#### [Exercise objective]
Once the line containing "this 852×566 image." is found in the data below, repeat it and every later line exactly, leaving the pictures out.

#### [Material for the task]
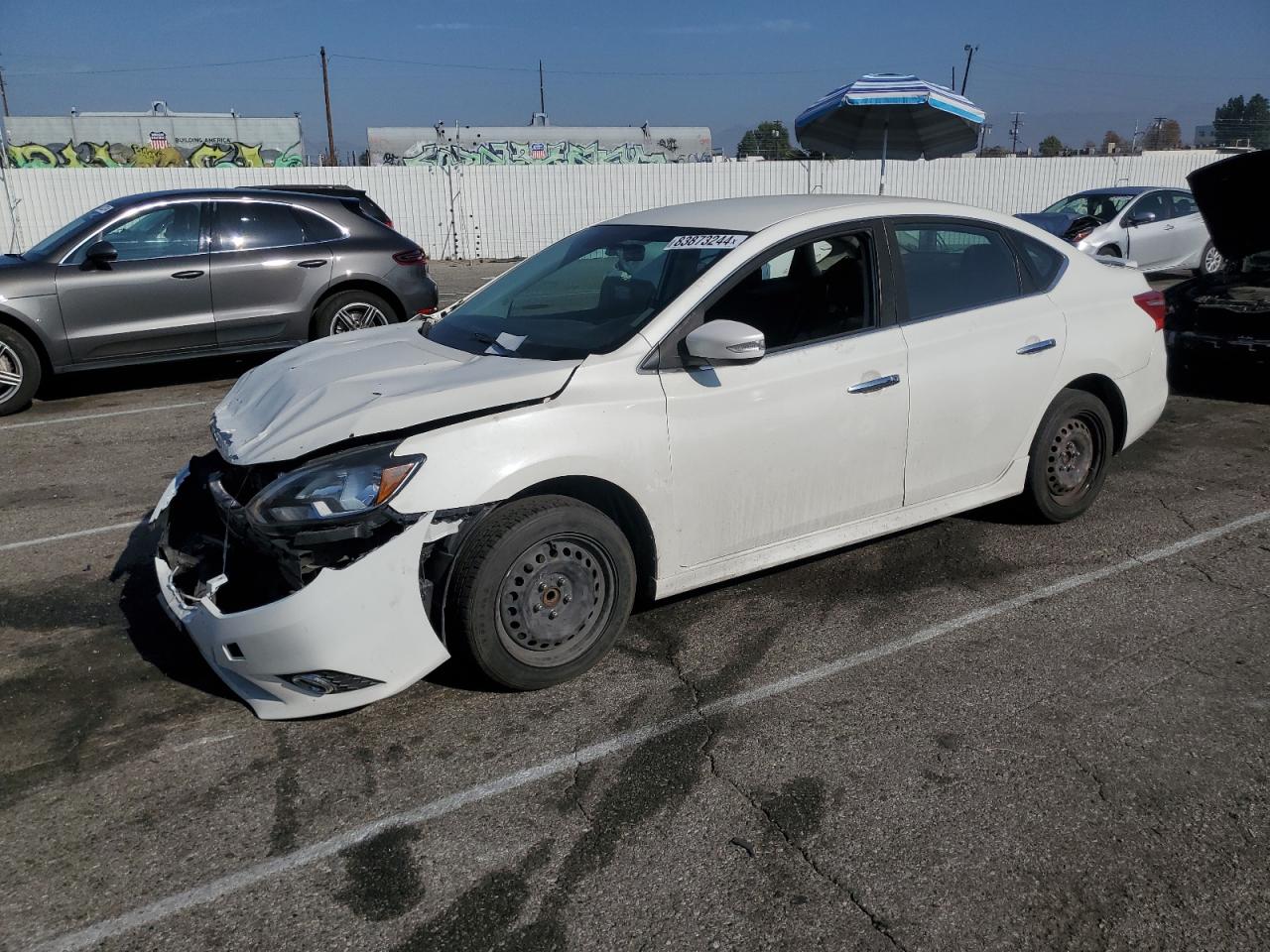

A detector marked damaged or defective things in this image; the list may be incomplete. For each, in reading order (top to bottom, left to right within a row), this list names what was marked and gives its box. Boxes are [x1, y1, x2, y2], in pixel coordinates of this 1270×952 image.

crumpled hood [1010, 211, 1081, 238]
crumpled hood [1189, 149, 1270, 262]
crumpled hood [211, 324, 581, 467]
white damaged sedan [153, 197, 1163, 721]
detached front bumper [150, 467, 449, 721]
crack in asphalt [655, 627, 914, 952]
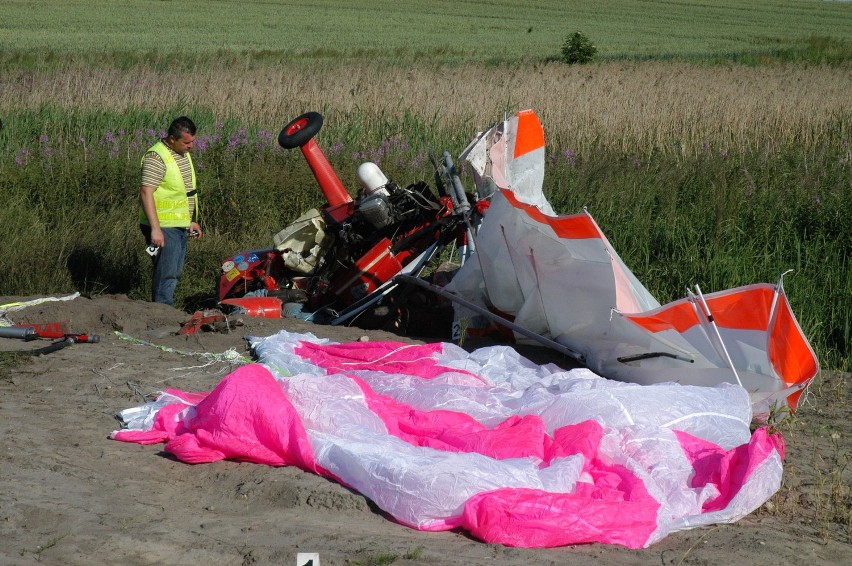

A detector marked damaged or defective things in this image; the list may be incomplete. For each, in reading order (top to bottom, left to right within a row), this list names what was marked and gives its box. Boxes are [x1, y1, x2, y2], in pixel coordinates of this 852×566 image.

crashed ultralight aircraft [442, 110, 816, 412]
torn wing fabric [113, 332, 784, 552]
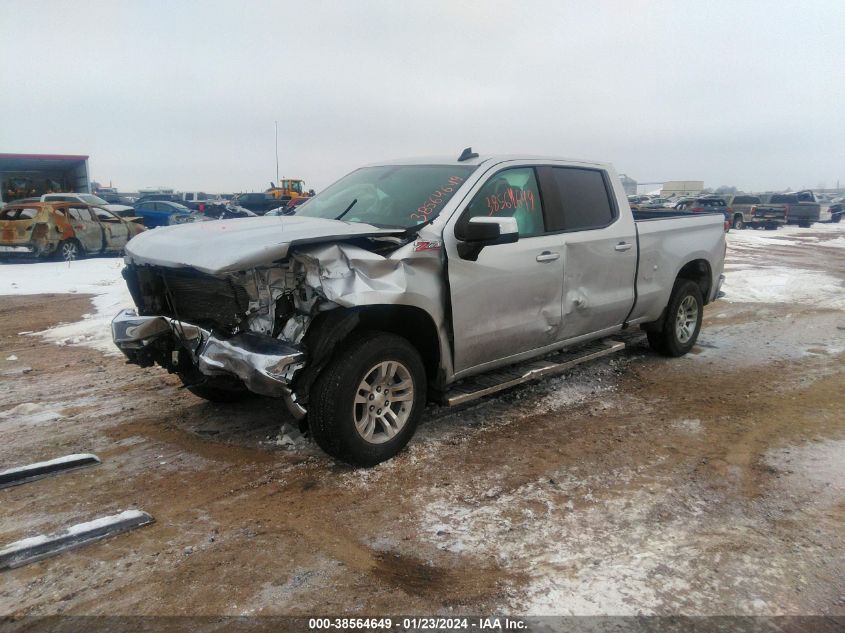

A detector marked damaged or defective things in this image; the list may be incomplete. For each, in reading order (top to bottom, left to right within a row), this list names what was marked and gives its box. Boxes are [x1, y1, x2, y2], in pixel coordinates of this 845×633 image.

#### [Task output]
A detector marked damaged or defective things in this image; the list may be incomplete. For each, in reading order (top to bottom, left to right within a row), this list names what was marked and gives its box. Boxes are [x1, y1, x2, y2], in pixel coordinates of this 852×566 image.

crashed ultralight aircraft [442, 110, 816, 412]
torn wing fabric [113, 332, 784, 552]

A detector marked damaged or defective things in this image; the list may be incomplete. For each, in reading order (top to bottom, left to right within a row), this list names what was marked and gives its box. Boxes are [x1, y1, x2, y2], in pixel coordinates of this 845×633 image.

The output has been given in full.